→ **What needs to be done**: In your copy, include every record exactly and no pictures.

[Recorded data]
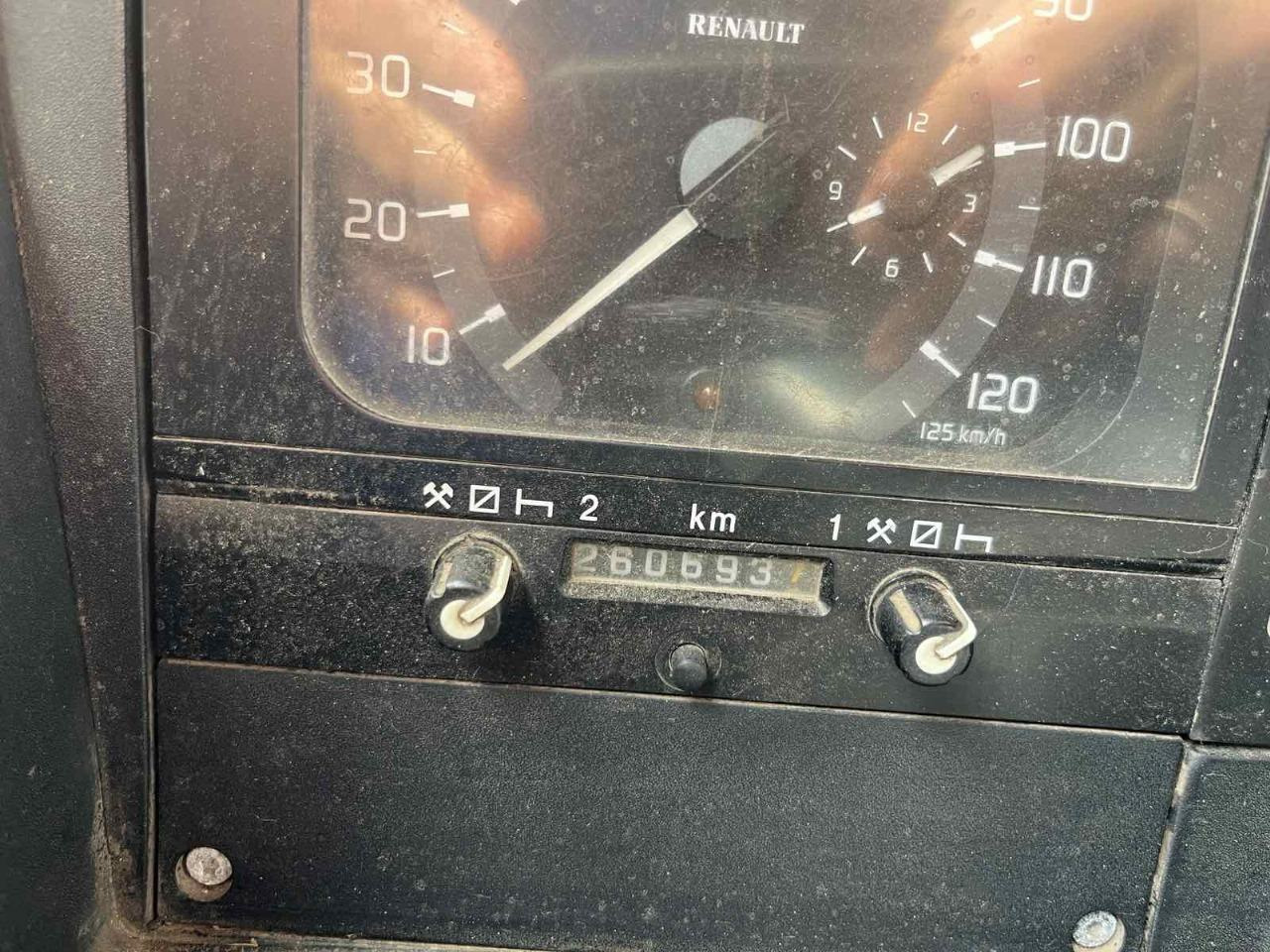 Sattelzugmaschine RENAULT Magnum 470: das Bild 10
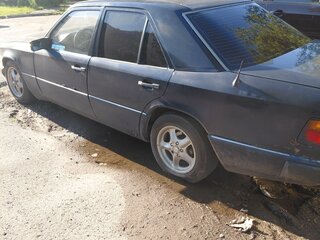 1991 Mercedes-Benz W124 230 5-speed, синий, 100000 рублей, вид 3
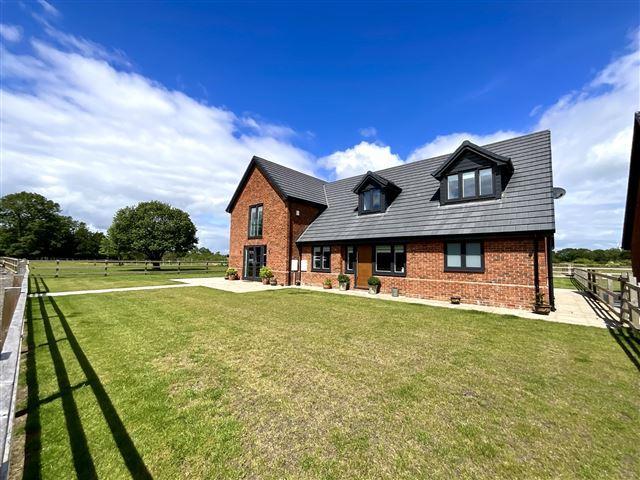 Bungalow for sale in Aston cum Aughton, Aston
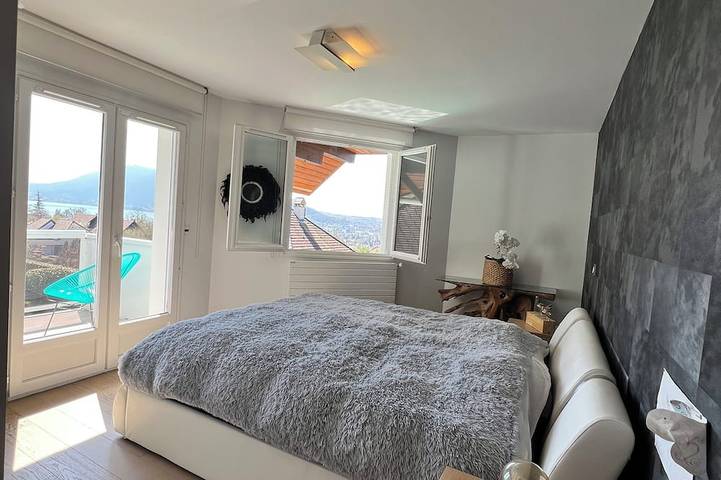 Villa pour 6 personnes, avec jardin ainsi que piscine et terrasse sur le Lac d'Annecy - 3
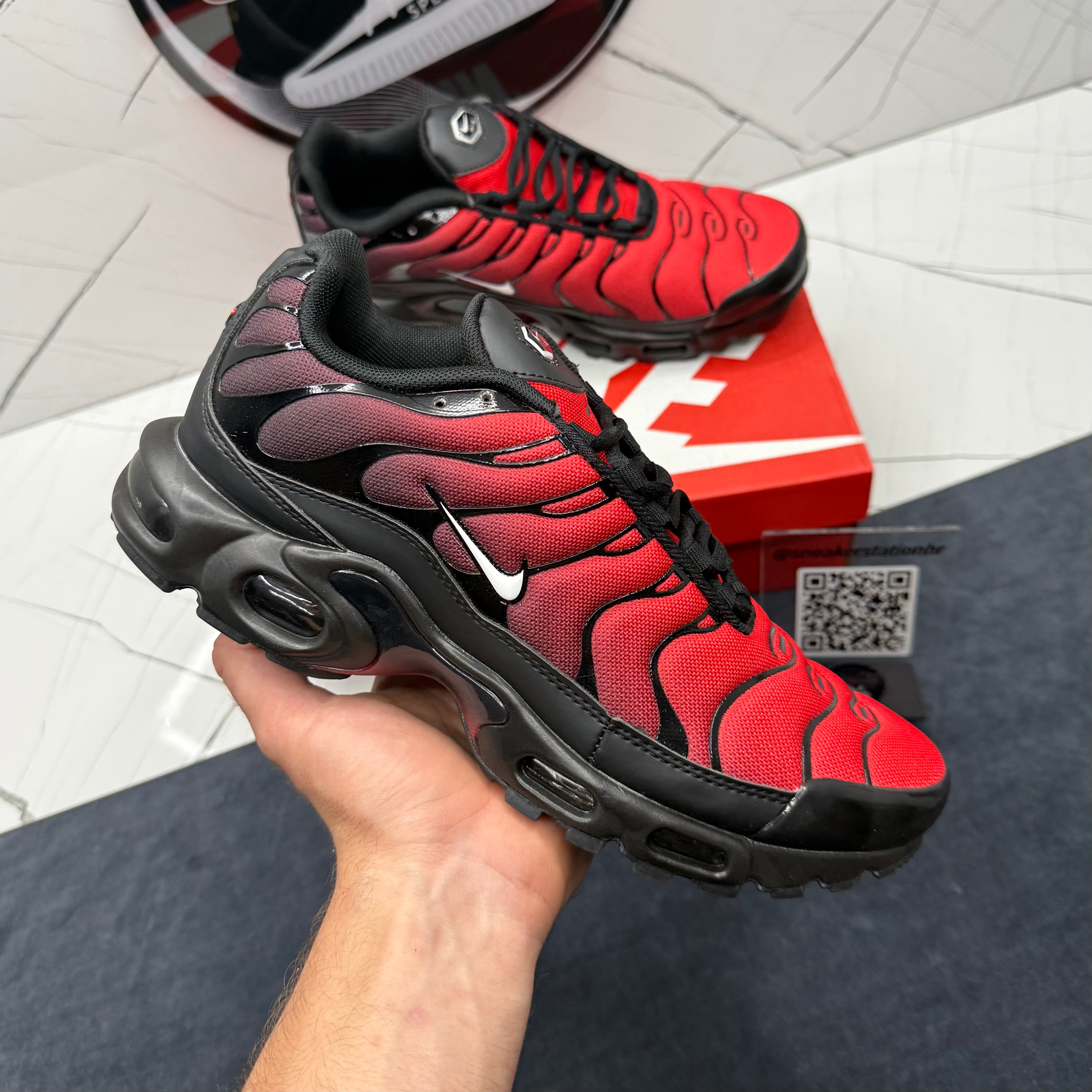 Nike TN Deadpool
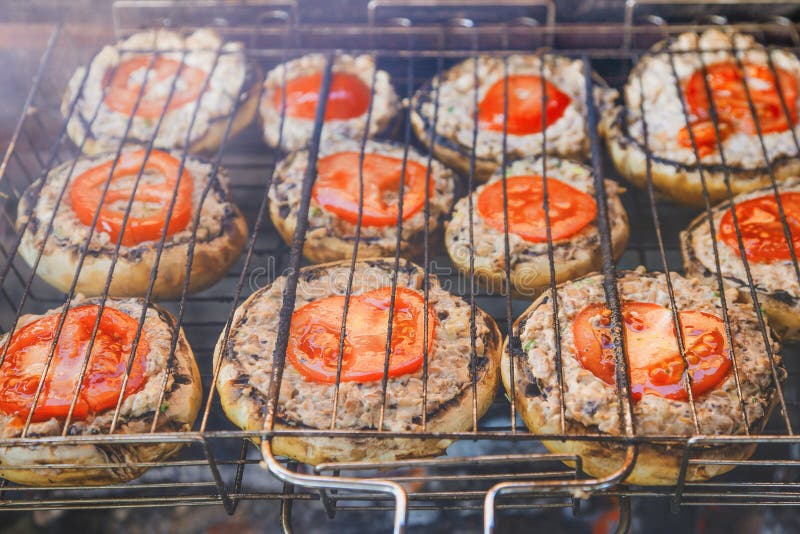 Pilze mit den Tomaten gebraten auf dem Grill lizenzfreie stockfotos Pilze mit den Tomaten gebraten auf dem Grill lizenzfreie stockfotos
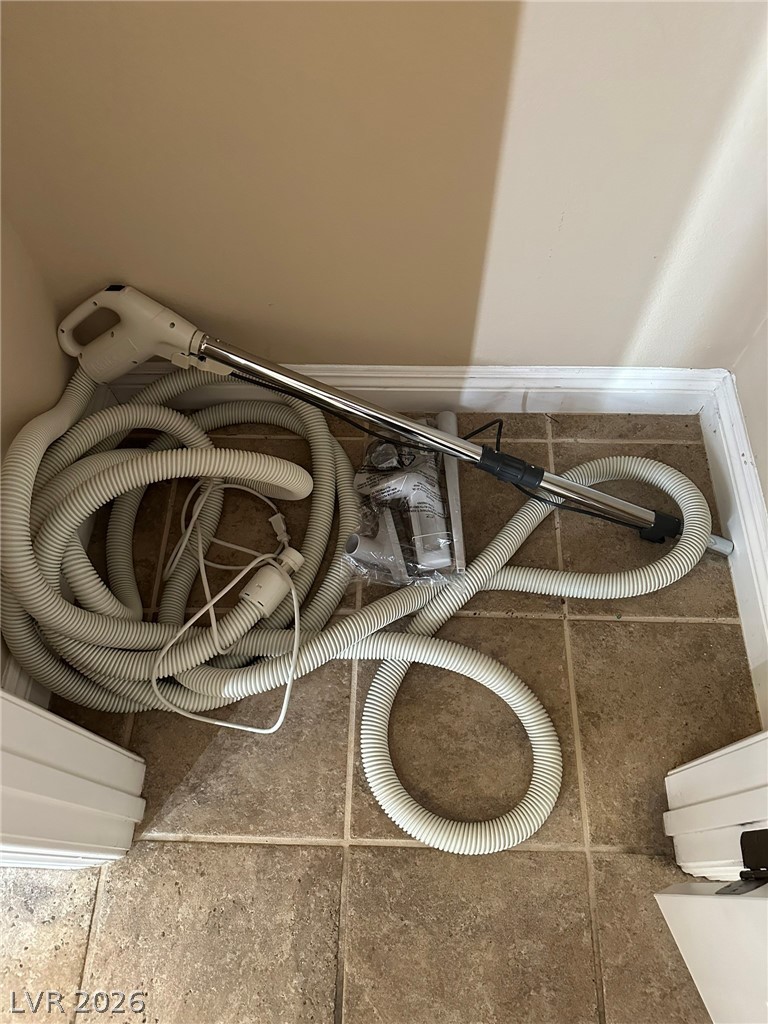 2757909 Property Photo 17
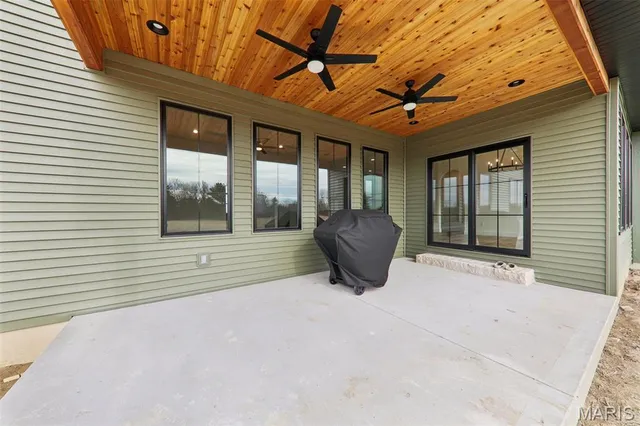 $875,000 | 2854 Fawn Meadows Court, Edwardsville, IL 62025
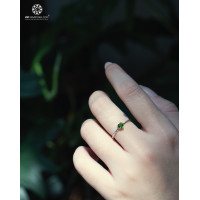 Nhẫn bạc trái tim đá Diopside cắt facet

→ **Answer for this exercise**:
 Sattelzugmaschine RENAULT Magnum 470: das Bild 10
 1991 Mercedes-Benz W124 230 5-speed, синий, 100000 рублей, вид 3
 Bungalow for sale in Aston cum Aughton, Aston
 Villa pour 6 personnes, avec jardin ainsi que piscine et terrasse sur le Lac d'Annecy - 3
 Nike TN Deadpool
 Pilze mit den Tomaten gebraten auf dem Grill lizenzfreie stockfotos Pilze mit den Tomaten gebraten auf dem Grill lizenzfreie stockfotos
 2757909 Property Photo 17
 $875,000 | 2854 Fawn Meadows Court, Edwardsville, IL 62025
 Nhẫn bạc trái tim đá Diopside cắt facet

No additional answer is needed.